“The traditional IT mind-set aims to capture the value of technology through top-down planning, formal structures, and clearly defined processes. In the new normal, the mind-set for success will emphasize a bottom-up search for value through experimentation with customers and partners.” 

"Time to raise the CIO’s game", McKinsey on Business Technology, Autumn 2009

Does your organization regularly evaluate project progress and contribution to business objectives?  What are your key performance indicators?  How do you reallocate your IT investment portfolio to meet objectives?

Volatile business and market conditions are driving the implementation of transactional and systematic cost optimization initiatives in most enterprises.  Benchmarking, best practices, Design of Experiments, ISO9000, Six Sigma, Total Quality Management and lean manufacturing are all process improvement methodologies that have established themselves as standard tools for transforming IT and business processes.

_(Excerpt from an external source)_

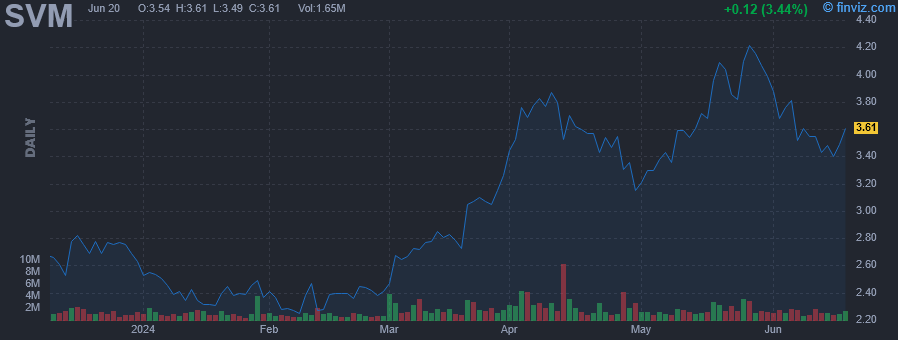 SVM - Silvercorp Metals Inc - Stock Price Chart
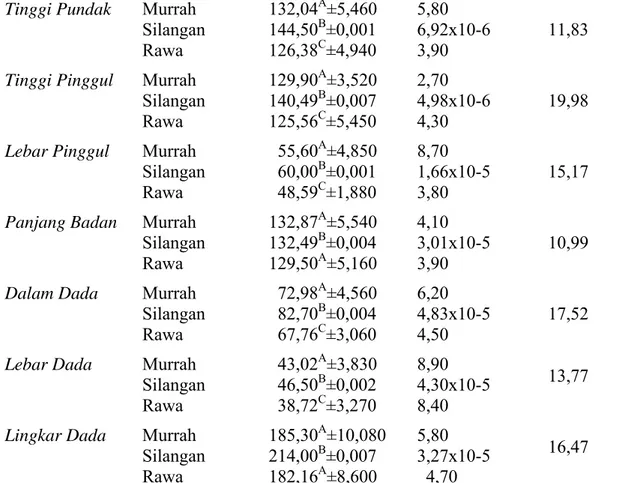 Tabel 10.  Rataan, Simpangan Baku, Koefisien Keragaman dan Persentase  Heterosis Ukuran-ukuran Tubuh Kerbau Jantan yang Telah  Dikoreksi terhadap Perbedaan Lokasi (Kabupaten) dan Umur  (3,1-4,0 Tahun)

Establishing clear metrics is essential in evaluating milestones, understanding areas of improvement, and establishing the business relevance of IT processes and systems.  Good performance metrics provide motivation for positive change, especially when the measurement process is transparent and accessible, and when the metrics are simple and well-understood.

The three most mentioned metrics used to evaluate the success of projects are: alignment to company strategy and goals, revenue growth, and cost savings to the enterprise.  Without a formal strategy, defining metrics and aligning them with process maturity and investment, IT senior management lacks the foundational tools to identify the necessary investment in, and the efficiency and quality of service delivery.